— DATASET SECTION —
- - - - -
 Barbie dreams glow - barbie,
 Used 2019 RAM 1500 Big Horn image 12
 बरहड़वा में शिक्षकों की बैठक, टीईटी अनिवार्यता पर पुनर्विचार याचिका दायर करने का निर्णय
- - - - -
— YOUR GOAL —
Copy out only the lines from the one containing "Used 2019 RAM 1500 Big Horn image 12" down to the last line of the material, keeping both ends.

— RESPONSE BELOW —
 Used 2019 RAM 1500 Big Horn image 12
 बरहड़वा में शिक्षकों की बैठक, टीईटी अनिवार्यता पर पुनर्विचार याचिका दायर करने का निर्णय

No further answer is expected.